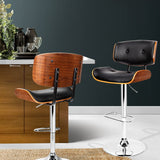 Furniture > Bar Stools & Chairs > Table & Bar Stools - Artiss Bar Stools Gas Lift Leather Black - Garden Yard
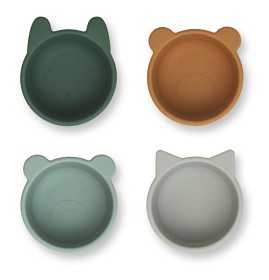 Bild på Liewood Silikonskål Malene 4 pack (Green Multi)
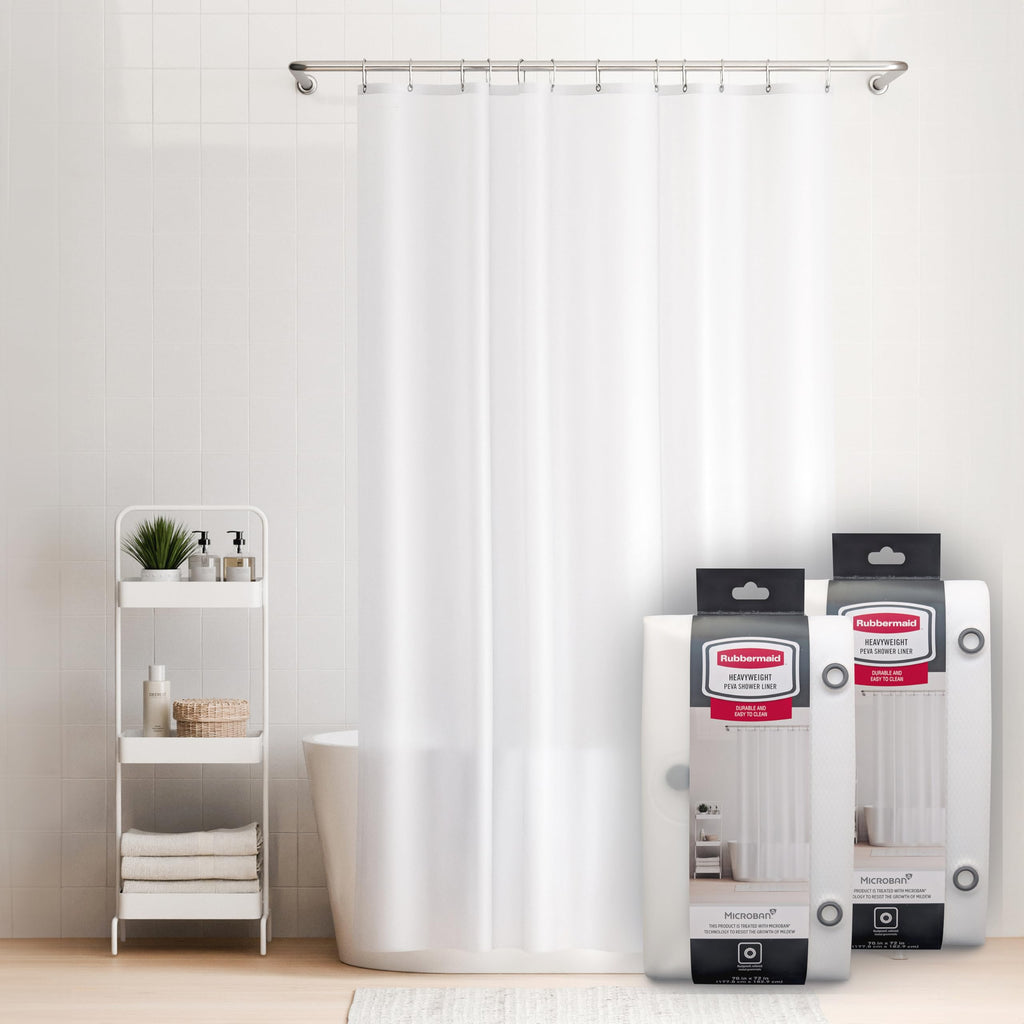 Rubbermaid Frosty Shower Curtain Liner, Waterproof Heavyweight 8g PEVA Shower Liner for Bathroom, with Weighted Magnets and Rustproof Charcoal Gray Grommets, 70x72, Standard Size, Frosty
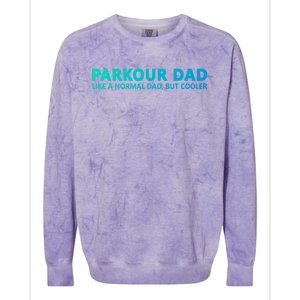 Parkour Father Free Running Parkour Dad Gift Colorblast Crewneck Sweatshirt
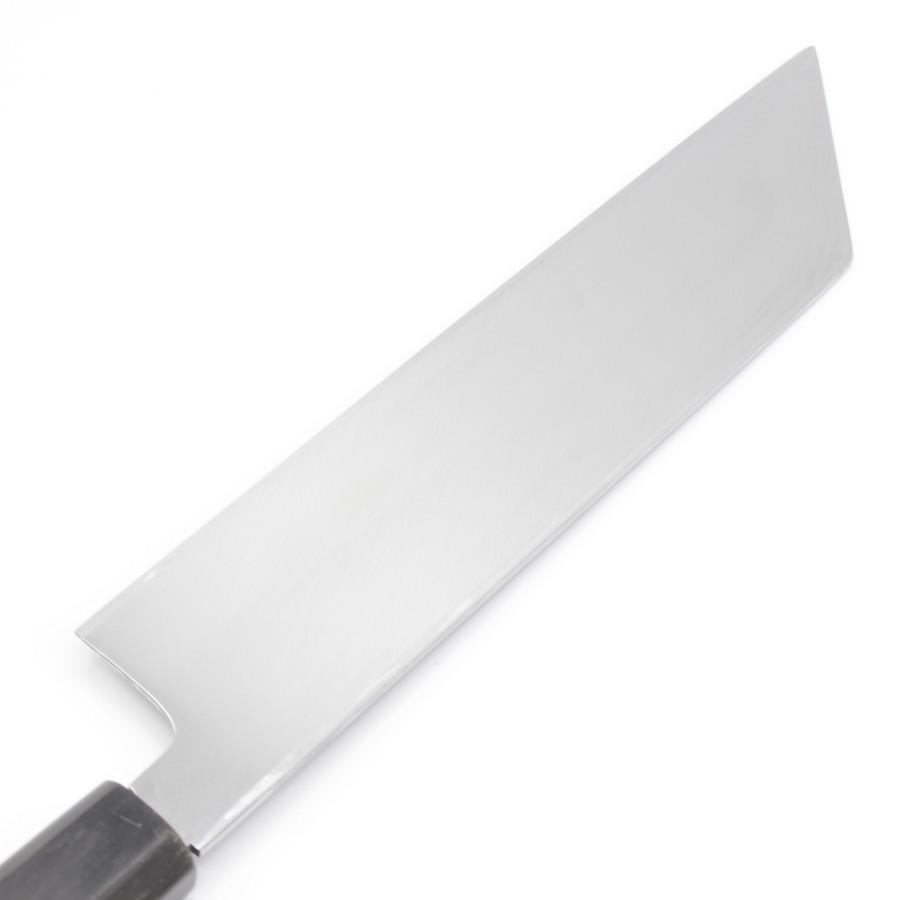 紀親 剥き物包丁 七寸 八角黒檀柄 鏡面 鞘付 刃渡り約210mm 和包丁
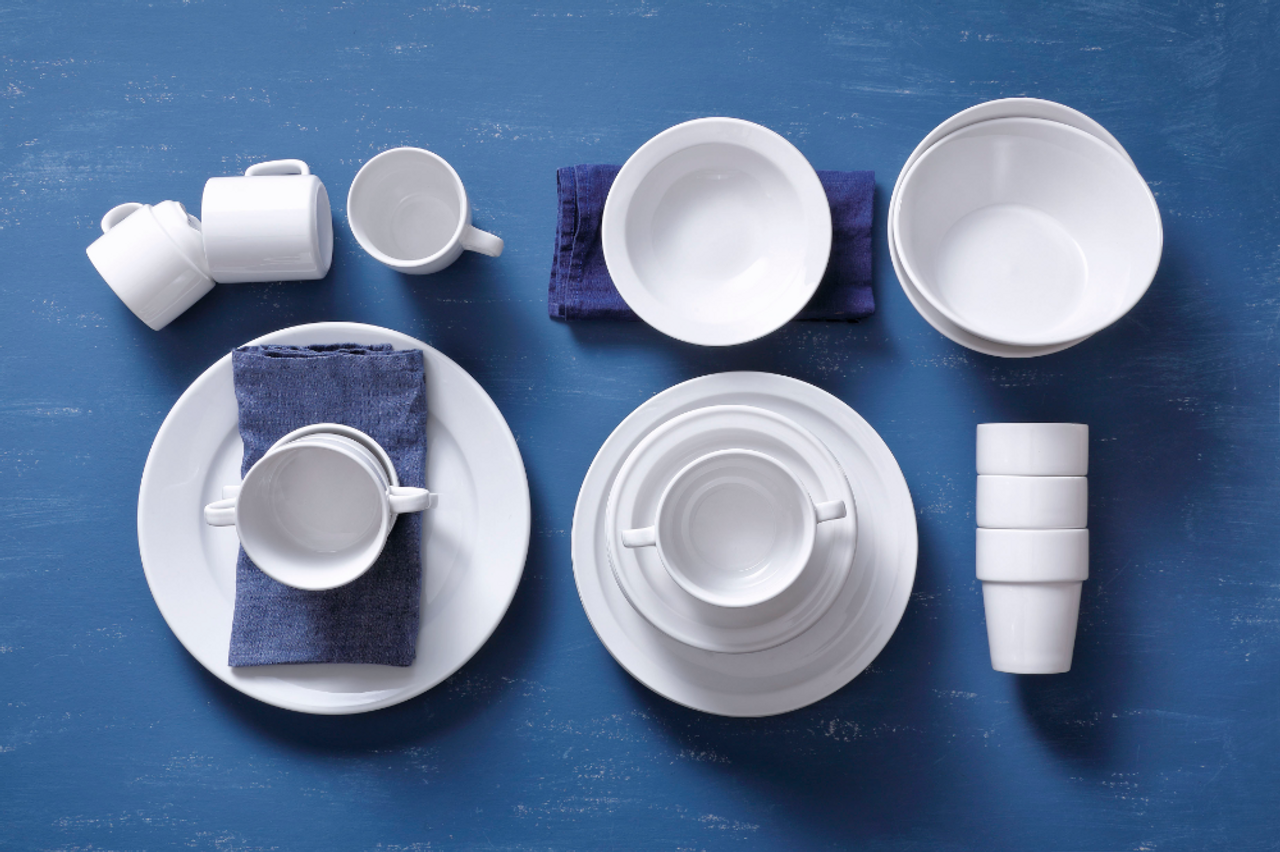 Mammoet plate narrow rim Budgetline 26 cm Porcelain White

++++++

From the first line to the last, repeat the entries exactly and leave out the pictures.

EXERCISE RESULT:
 Furniture > Bar Stools & Chairs > Table & Bar Stools - Artiss Bar Stools Gas Lift Leather Black - Garden Yard
 Bild på Liewood Silikonskål Malene 4 pack (Green Multi)
 Rubbermaid Frosty Shower Curtain Liner, Waterproof Heavyweight 8g PEVA Shower Liner for Bathroom, with Weighted Magnets and Rustproof Charcoal Gray Grommets, 70x72, Standard Size, Frosty
 Parkour Father Free Running Parkour Dad Gift Colorblast Crewneck Sweatshirt
 紀親 剥き物包丁 七寸 八角黒檀柄 鏡面 鞘付 刃渡り約210mm 和包丁
 Mammoet plate narrow rim Budgetline 26 cm Porcelain White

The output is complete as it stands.